Exercise details: Please write out the whole listing that follows exactly; the pictures stay out.

Source data:
◇ ◇ ◇ ◇

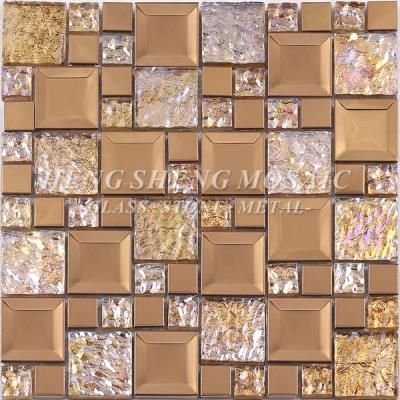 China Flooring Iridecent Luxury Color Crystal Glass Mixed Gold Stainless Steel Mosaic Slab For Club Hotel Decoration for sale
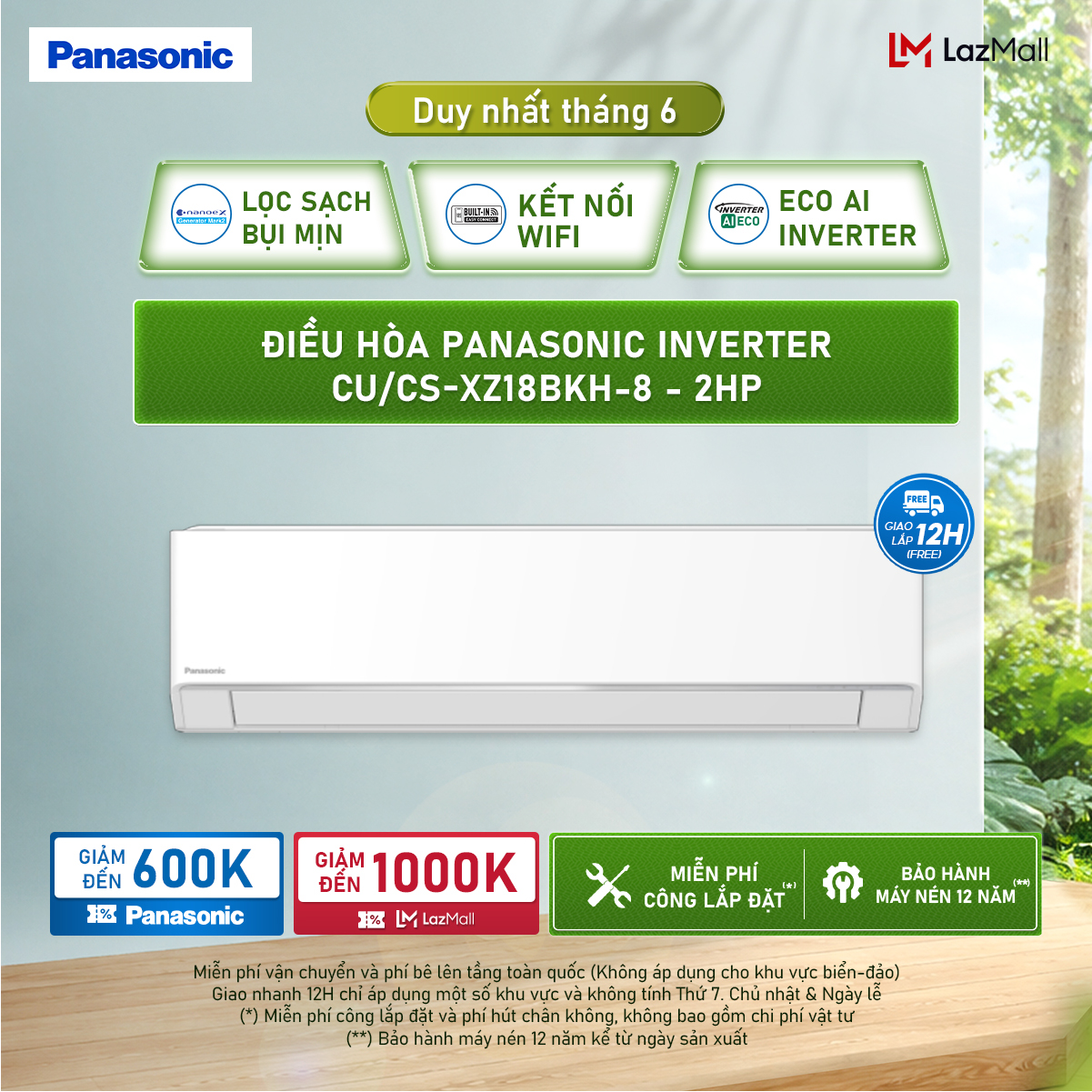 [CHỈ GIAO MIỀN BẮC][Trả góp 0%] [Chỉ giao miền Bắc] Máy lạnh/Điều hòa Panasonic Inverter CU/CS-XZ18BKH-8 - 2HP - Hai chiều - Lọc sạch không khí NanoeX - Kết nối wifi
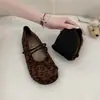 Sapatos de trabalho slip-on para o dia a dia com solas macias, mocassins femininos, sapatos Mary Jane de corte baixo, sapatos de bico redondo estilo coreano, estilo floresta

◇ ◇ ◇ ◇

Reply to the exercise:
 China Flooring Iridecent Luxury Color Crystal Glass Mixed Gold Stainless Steel Mosaic Slab For Club Hotel Decoration for sale
 [CHỈ GIAO MIỀN BẮC][Trả góp 0%] [Chỉ giao miền Bắc] Máy lạnh/Điều hòa Panasonic Inverter CU/CS-XZ18BKH-8 - 2HP - Hai chiều - Lọc sạch không khí NanoeX - Kết nối wifi
 Sapatos de trabalho slip-on para o dia a dia com solas macias, mocassins femininos, sapatos Mary Jane de corte baixo, sapatos de bico redondo estilo coreano, estilo floresta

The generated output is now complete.